Immune cell abundance estimates (A) Boxplot of the relative fractions of the immune cell abundance across all mesothelioma samples in the NCI mesothelioma dataset (NCI MESO), TCGA pan-cancer patients (TCGA PAN-CANCER; except mesothelioma), TCGA lung adenocarcinoma (TCGA LUAD), and TCGA lung squamous cell carcinoma (TCGA LUSC). The relative immune cell abundance for each immune cell type is shown as a fraction on the y axis. (B) K-M survival plot of patients with the top 33rd and bottom 33rd percentiles of relative abundance of M2 macrophages in the NCI mesothelioma dataset. Time is shown in years. Log rank test p value is shown.

Figure 5

Overall SL transcriptomics-based response prediction across several mesothelioma clinical trials (A) We use SELECT to predict patient response for anti-PD1 drugs in the NCI mesothelioma patient cohort using patient gene expression data. Bar plots show ROC-AUC and area under precision recall (PR-AUC) values using the SELECT-derived risk to predict responders (complete or partial response) and non-responders (stable disease or progressive disease) to anti-PD1 immunotherapy (16 samples). ROC-AUC and PR-AUC values range from 0–1, with higher values indicating higher performance of the predictor.
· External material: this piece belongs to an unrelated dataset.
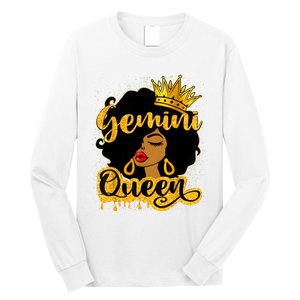 Gemini Queen Zodiac Sign Birthday Girl Afro Black Woman Long Sleeve Shirt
ROC-AUC for a random predictor is expected to be 0.5. The 95% confidence interval for ROC-AUC varied from 0.7–1. (B) Bar plots show ROC-AUC and PR-AUC values using the SELECT-derived risk to predict responders (complete or partial response) and non-responders (progressive disease) to combinations with the chemotherapy drug pemetrexed (41 samples). The 95% confidence interval for ROC-AUC varied from 0.46–0.88. (C) Scatterplot showing the percentage of responders (objective response rate) from mesothelioma clinical trials and comparing it with the percentage of predicted responders (coverage) using SELECT in the NCI mesothelioma dataset. Spearman’s ρ (rho) and p values are shown. The shaded region is the 95% confidence level interval for a linear model. (D) Bar plot showing the percentage of predicted responders for each drug. (E) Heatmap showing the responders in all patients and drugs for NCI mesothelioma data. The x axis corresponds to patient samples and y axis to each drug. Red indicates that the patient is predicted to respond to that drug, and green indicates non-response. 50% of the total percentage of patients are predicted to respond to at least 1 drug in the NCI mesothelioma dataset.